Elijah had reached perhaps the pinnacle of his spiritual achievements.
He had stood up to the threat from wicked King Ahab and his evil wife, Jezebel; he had proved with miraculous power even over weather, that the LORD was God, and not Ba’al.
He had been a faithful leader to Israel and zealous for Israel’s God.
But all it takes is 24 hours, a scary threat from Jezebel, and Elijah is on the journey down.
The great prophet of God, the confident man of faith turns on his heel and runs away.
‘He got up and fled for his life and came to Beer-sheba, and left his servant there (…) and went a day’s journey into the wilderness and sat down under a solitary broom tree.’
From hero to zero in three easy steps.
What has happened to Elijah the great prophet, the man full of righteous anger, the mighty instrument of God’s judgment?
He’s just discovered he’s human after all.
It seems to be our lot in life to have a trough after a peak.
To suffer gloom and boredom after joyful achievement.
Remember the disciples at the Transfiguration?
Coming off the mountaintop with the vision of Jesus fresh in our hearts, to the messy humanity at the bottom of the mountain– a child no one can heal?
Coming off the mountaintop always carries a strong health warning.
Bear Grylls, explorer and survival expert extraordinaire writes movingly of climbers he has known who have not survived Everest - the thing to note is that they nearly all died on the way down.
They conquered the summit, but lost it on the descent.
The descent in life is always a tough one.
The descent into mediocrity, the descent into losing capacity…

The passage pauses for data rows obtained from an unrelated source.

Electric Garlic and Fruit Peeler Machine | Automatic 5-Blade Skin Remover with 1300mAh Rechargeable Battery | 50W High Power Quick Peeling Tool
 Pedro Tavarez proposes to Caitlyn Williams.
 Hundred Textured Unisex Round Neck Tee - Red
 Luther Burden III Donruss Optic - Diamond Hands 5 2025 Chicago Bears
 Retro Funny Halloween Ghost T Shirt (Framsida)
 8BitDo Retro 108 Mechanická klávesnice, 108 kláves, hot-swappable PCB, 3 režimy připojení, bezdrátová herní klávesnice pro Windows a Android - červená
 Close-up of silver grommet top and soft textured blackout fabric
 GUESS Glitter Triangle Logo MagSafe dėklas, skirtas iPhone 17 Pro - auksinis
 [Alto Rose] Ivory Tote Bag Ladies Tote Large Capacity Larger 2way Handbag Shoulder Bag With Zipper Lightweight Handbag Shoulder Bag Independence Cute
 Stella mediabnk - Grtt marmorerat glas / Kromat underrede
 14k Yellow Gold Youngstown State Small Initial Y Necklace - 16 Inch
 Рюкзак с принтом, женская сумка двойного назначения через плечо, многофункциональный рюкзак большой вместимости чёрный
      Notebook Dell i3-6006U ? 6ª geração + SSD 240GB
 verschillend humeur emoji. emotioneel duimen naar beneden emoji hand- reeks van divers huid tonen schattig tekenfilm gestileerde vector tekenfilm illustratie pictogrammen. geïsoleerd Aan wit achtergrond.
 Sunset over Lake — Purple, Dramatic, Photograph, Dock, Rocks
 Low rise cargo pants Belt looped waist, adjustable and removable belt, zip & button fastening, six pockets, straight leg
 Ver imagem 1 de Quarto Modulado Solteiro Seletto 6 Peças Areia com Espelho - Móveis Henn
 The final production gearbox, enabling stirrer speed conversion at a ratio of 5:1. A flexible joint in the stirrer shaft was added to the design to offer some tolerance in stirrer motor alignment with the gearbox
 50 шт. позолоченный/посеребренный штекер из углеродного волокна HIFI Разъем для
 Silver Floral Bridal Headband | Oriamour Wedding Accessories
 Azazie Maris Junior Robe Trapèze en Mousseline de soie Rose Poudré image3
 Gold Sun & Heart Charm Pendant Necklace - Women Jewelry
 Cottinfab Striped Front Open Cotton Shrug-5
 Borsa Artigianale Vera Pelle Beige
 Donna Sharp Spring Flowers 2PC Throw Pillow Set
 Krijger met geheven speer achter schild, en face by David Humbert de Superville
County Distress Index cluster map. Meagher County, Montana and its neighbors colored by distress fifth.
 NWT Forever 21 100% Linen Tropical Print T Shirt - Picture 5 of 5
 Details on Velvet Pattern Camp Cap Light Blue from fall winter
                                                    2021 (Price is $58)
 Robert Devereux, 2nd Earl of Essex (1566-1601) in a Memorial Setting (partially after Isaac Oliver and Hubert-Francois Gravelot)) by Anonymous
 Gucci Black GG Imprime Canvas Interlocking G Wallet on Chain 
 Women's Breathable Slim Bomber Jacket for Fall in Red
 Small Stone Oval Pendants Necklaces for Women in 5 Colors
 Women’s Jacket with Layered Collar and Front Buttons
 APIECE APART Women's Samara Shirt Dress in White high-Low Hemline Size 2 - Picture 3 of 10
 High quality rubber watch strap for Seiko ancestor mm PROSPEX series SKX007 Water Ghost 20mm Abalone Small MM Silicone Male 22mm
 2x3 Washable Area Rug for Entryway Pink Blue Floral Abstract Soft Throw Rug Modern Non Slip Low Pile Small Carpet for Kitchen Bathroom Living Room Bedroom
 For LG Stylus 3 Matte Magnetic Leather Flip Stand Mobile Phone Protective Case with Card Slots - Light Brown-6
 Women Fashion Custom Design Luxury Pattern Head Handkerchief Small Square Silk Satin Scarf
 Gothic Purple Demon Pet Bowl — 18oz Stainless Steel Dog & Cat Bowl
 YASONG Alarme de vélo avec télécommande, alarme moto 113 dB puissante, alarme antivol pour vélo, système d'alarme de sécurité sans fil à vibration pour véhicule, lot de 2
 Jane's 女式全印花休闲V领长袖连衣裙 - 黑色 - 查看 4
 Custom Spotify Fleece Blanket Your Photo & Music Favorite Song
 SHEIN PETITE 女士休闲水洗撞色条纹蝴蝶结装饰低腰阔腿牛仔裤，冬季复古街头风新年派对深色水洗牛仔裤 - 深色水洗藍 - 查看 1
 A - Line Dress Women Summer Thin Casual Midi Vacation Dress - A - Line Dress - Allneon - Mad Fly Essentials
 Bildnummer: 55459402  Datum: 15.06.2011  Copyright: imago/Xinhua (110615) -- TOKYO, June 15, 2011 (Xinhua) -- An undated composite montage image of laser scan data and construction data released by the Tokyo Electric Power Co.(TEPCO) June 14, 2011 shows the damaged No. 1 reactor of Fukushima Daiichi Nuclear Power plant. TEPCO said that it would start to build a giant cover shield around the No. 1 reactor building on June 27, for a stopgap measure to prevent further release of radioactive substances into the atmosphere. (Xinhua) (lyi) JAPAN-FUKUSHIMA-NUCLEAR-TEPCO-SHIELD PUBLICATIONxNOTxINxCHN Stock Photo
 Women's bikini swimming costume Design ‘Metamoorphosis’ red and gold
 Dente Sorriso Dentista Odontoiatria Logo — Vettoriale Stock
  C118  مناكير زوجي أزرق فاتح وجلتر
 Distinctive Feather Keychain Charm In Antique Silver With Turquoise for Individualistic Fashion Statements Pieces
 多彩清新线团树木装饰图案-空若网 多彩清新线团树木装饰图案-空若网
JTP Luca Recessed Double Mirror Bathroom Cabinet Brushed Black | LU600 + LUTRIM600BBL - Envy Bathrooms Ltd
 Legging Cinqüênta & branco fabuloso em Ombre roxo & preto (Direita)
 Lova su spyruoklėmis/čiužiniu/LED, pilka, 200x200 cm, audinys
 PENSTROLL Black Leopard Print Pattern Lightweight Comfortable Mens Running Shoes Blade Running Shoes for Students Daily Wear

Elijah’s descent begins in fear and continues as he runs away from Mt. Carmel, scene of his spiritual triumph over the prophets of Ba’al, scene of his wonderful God-filled moment of victory.
After running, he is tired; he despairs and he falls asleep under a tree.
He is alone, he is depressed and he is exhausted.
Having experienced a spiritual peak on Mt Carmel, he is now on the way down, miles form everything familiar and in unchartered territory spiritually.
But unchartered territory spiritually is the best territory to be in for growth.
Perhaps even here we are learning (depending on how mature we are) that it is at our lowest, that God can be nearest.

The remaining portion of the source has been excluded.